THE DATA:
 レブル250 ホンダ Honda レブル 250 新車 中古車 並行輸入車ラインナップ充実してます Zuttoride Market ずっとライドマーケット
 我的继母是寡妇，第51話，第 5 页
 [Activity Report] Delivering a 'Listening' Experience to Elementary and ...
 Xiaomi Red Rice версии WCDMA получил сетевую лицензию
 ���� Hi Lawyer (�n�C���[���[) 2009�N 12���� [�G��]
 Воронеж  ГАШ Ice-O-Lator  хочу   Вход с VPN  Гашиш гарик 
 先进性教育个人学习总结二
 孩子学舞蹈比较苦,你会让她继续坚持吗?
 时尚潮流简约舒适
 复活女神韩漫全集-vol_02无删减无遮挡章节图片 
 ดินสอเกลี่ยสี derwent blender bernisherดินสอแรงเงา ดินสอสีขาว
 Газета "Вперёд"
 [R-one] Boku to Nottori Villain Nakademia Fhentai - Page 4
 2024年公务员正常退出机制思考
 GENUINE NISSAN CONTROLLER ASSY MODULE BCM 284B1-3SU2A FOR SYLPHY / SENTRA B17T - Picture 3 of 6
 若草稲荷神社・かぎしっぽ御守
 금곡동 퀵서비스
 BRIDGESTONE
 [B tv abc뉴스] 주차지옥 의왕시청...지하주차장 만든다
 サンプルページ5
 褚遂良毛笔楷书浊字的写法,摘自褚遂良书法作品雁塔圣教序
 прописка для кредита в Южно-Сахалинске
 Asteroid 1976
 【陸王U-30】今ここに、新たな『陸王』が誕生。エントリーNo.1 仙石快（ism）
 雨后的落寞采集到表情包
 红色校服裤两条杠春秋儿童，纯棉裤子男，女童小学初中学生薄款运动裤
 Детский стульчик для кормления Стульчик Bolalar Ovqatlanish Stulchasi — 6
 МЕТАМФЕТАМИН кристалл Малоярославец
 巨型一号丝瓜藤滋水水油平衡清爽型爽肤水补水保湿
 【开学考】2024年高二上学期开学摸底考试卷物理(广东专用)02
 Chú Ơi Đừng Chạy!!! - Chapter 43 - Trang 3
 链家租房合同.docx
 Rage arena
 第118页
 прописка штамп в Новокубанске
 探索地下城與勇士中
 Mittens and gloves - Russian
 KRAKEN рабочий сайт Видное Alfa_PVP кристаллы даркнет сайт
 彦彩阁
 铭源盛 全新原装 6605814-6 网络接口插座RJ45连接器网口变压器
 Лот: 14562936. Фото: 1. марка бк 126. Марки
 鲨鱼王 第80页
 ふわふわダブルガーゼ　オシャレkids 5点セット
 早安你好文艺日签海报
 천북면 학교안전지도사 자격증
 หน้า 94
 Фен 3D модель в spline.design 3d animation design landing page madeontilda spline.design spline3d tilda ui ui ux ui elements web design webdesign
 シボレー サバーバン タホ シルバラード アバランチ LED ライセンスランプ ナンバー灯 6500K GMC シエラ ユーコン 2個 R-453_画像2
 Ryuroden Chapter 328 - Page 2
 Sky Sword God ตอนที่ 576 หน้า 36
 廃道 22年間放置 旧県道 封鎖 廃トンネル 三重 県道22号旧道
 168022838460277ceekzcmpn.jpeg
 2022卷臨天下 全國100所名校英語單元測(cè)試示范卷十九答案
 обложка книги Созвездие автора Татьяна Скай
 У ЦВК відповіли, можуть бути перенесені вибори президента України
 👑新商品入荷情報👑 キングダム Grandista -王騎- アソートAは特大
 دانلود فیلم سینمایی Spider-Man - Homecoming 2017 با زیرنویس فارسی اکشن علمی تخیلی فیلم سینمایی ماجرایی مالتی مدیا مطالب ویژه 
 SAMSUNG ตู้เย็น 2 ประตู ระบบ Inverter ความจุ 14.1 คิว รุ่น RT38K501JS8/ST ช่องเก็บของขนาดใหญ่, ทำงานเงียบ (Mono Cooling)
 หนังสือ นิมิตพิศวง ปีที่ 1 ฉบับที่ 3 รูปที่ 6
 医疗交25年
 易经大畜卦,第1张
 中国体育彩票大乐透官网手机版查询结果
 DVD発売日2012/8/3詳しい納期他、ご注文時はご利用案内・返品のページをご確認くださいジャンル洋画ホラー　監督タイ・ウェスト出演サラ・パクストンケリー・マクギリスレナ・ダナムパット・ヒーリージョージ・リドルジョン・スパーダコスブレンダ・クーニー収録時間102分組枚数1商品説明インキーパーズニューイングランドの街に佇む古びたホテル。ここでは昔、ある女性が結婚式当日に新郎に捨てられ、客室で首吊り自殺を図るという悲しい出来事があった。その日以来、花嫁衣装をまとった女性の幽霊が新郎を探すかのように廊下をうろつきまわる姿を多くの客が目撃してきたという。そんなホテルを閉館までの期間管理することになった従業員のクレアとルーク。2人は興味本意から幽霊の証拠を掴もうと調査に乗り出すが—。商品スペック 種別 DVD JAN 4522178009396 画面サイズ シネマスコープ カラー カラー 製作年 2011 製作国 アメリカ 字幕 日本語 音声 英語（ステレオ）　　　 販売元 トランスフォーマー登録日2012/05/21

EXERCISE INSTRUCTIONS:
Transcribe the records above from the line holding "Фен 3D модель" down to the line holding "中国体育彩票大乐透官网手机版查询结果", inclusive, without adding anything.

ANSWER TO THIS PROBLEM:
 Фен 3D модель в spline.design 3d animation design landing page madeontilda spline.design spline3d tilda ui ui ux ui elements web design webdesign
 シボレー サバーバン タホ シルバラード アバランチ LED ライセンスランプ ナンバー灯 6500K GMC シエラ ユーコン 2個 R-453_画像2
 Ryuroden Chapter 328 - Page 2
 Sky Sword God ตอนที่ 576 หน้า 36
 廃道 22年間放置 旧県道 封鎖 廃トンネル 三重 県道22号旧道
 168022838460277ceekzcmpn.jpeg
 2022卷臨天下 全國100所名校英語單元測(cè)試示范卷十九答案
 обложка книги Созвездие автора Татьяна Скай
 У ЦВК відповіли, можуть бути перенесені вибори президента України
 👑新商品入荷情報👑 キングダム Grandista -王騎- アソートAは特大
 دانلود فیلم سینمایی Spider-Man - Homecoming 2017 با زیرنویس فارسی اکشن علمی تخیلی فیلم سینمایی ماجرایی مالتی مدیا مطالب ویژه 
 SAMSUNG ตู้เย็น 2 ประตู ระบบ Inverter ความจุ 14.1 คิว รุ่น RT38K501JS8/ST ช่องเก็บของขนาดใหญ่, ทำงานเงียบ (Mono Cooling)
 หนังสือ นิมิตพิศวง ปีที่ 1 ฉบับที่ 3 รูปที่ 6
 医疗交25年
 易经大畜卦,第1张
 中国体育彩票大乐透官网手机版查询结果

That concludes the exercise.